É fascinante o fato de que o ditador surja no livro como, ele próprio, um resultado produzido pela realidade que viveu e pela criação do escritor. Vários comentadores insistem na identidade entre o Supremo e Stroessner. Elas são muitas e evidentes - incluindo o violento autoritarismo que, no caso de Stroessner, determinou a perseguição ao próprio Roa Bastos, condenando-o a longo exílio. 

Mas El Supremo nasceu das Luzes e conservou um espírito ilustrado em relação às populações mais pobres. Combateu as oligarquias latifundiárias, investiu na alfabetização e sua habilidade política foi necessária para resistir às investidas devoradoras dos vizinhos gigantescos e poderosos, como o Brasil e a Argentina. Esses aspectos surgem com clareza no romance, mesclados com a violência autoritária. Talvez el Supremo - tal como é delineado no livro - possa ser definido como um tirano esclarecido, ou como um esclarecido tirânico.


Otto Dix - Crânio - 1924


Do mesmo modo que em El general en su laberinto, de García Marquez, o líder está às vésperas da morte.

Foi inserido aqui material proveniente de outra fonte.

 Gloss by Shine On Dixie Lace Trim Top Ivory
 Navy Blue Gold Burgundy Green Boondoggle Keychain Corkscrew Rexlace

Marquez foi criticado por patriotas porque seu Bolívar parecia indigno do mito augusto do Libertador. Bolívar não me pareceu ter sido rebaixado por Marquez, mas humanizado na sua agonia. Os herois de Bastos e de Marquez são habitados pela solidão e por seus próprios fantasmas. 

A História, em Yo, el supremo, é constituída pela dominação e pela violência. Ela se repetirá, como profetiza o próprio ditador, encarregando-se de antever os desastres futuros. El Supremo faz a História, como diz várias vezes, mas é também parido por ela.